Search code examples
python-3.xstring-comparison

Why does Python string fail to compare correctly?


I am comparing two strings in Python. But the comparison fails to see that the values of variables firmware and hardware are the same as the strings "firmware" and "hardware".

gfirmware = create_string_buffer(str.encode("firmware"), 100)
ghardware = create_string_buffer(str.encode("hardware"), 100)
firmware = str(gfirmware,'utf-8')
hardware = str(ghardware,'utf-8')

print('firmware var = ' + firmware)
print('hardware var = ' + hardware)
print("\n")
print('firmware type = ' + str(type(firmware)))
print('hardware type = ' + str(type(hardware)))
print('"firmware" type = ' + str(type("firmware")))
print('"hardware" type = ' + str(type("hardware")))

print("Is it true? " + str(firmware != "firmware" and hardware != "hardware"))

Output:

firmware var = firmware
hardware var = hardware

firmware type = <class 'str'>
hardware type = <class 'str'>
"firmware" type = <class 'str'>
"hardware" type = <class 'str'>
Is it true? True

The values and the types of the variables and the strings are the same, as can be seen in the output.

So why does the comparison firmware != "firmware" and hardware != "hardware" return True, it should be returning False?

Note: I am intentionally using create_string_buffer() because I am passing gfirmware and ghardware into a C function. But this issue occurs even though I am not passing the variables into a C function.

I have looked at the following and other posts, but their issues were that the programmer was using the keyword is when they should have been using ==.

Why does comparing strings using either '==' or 'is' sometimes produce a different result?

python fails to compare strings

Strange behavior when comparing unicode objects with string objects


Solution

  • Your gfirmware and ghardware objects are large character buffers.
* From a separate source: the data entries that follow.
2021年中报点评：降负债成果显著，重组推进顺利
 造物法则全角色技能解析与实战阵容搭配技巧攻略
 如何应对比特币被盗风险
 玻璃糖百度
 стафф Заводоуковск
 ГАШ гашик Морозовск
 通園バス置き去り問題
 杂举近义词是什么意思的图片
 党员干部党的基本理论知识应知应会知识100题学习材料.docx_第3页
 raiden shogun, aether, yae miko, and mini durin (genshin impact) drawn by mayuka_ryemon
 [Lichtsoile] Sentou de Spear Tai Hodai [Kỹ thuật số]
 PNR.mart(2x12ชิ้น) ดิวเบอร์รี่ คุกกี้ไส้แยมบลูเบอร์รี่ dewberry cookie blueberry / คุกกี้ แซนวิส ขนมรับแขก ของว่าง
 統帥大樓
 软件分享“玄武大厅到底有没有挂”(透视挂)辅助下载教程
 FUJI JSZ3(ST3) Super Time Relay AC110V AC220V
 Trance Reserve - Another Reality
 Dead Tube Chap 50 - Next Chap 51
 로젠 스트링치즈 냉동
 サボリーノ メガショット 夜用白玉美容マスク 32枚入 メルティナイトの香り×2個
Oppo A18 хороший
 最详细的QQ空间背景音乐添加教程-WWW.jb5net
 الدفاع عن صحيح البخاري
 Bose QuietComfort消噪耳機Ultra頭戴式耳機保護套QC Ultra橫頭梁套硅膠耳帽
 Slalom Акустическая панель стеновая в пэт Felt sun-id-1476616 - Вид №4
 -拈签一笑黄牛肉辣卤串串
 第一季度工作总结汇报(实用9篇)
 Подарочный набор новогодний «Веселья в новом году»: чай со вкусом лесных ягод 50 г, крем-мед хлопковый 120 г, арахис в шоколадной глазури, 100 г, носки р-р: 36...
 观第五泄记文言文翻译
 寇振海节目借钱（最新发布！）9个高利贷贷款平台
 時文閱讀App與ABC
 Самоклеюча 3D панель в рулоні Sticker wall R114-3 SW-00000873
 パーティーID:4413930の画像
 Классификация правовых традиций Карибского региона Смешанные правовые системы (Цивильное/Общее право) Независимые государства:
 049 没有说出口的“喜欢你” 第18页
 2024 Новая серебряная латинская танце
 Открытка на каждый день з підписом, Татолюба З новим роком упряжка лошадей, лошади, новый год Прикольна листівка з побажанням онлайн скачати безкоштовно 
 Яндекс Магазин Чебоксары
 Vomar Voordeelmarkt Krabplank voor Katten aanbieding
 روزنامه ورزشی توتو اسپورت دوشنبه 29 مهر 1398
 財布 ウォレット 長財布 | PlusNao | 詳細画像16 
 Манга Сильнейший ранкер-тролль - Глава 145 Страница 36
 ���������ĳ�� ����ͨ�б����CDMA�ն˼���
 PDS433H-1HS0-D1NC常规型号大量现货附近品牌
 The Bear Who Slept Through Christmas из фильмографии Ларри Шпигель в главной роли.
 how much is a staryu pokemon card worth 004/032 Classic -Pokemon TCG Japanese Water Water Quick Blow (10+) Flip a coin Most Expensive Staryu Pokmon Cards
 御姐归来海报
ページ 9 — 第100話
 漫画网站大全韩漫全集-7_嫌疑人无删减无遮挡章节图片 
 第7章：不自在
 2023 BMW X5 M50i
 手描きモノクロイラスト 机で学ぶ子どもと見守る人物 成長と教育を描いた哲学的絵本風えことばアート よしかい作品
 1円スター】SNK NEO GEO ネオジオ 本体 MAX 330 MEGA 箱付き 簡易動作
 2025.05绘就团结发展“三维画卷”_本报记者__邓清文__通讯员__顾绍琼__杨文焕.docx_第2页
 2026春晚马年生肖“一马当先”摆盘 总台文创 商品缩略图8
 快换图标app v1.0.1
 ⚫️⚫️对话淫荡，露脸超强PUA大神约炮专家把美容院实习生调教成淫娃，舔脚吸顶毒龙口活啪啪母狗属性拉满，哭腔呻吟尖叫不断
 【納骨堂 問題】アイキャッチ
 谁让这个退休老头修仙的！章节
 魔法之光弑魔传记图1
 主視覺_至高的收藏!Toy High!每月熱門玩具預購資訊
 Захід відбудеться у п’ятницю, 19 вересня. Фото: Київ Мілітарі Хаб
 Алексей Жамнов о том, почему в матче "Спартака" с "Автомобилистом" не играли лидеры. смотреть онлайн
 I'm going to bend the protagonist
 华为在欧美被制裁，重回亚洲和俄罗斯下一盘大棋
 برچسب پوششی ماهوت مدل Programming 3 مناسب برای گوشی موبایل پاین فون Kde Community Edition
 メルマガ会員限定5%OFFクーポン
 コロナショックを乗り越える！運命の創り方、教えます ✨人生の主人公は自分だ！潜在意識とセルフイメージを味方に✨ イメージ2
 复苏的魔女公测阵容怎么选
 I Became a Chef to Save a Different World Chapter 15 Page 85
When you convert them to strings with str(gfirmware,'utf-8') you get large strings:

    >>> len(str(gfirmware, 'utf-8'))
    100
    

    because you still have all the padding.

    You can use the value property on the buffers before converting to a string:

    >> firmware = str(gfirmware.value,'utf-8')
    >> hardware = str(ghardware.value,'utf-8')
    >> firmware != "firmware", hardware != "hardware"
    (False, False)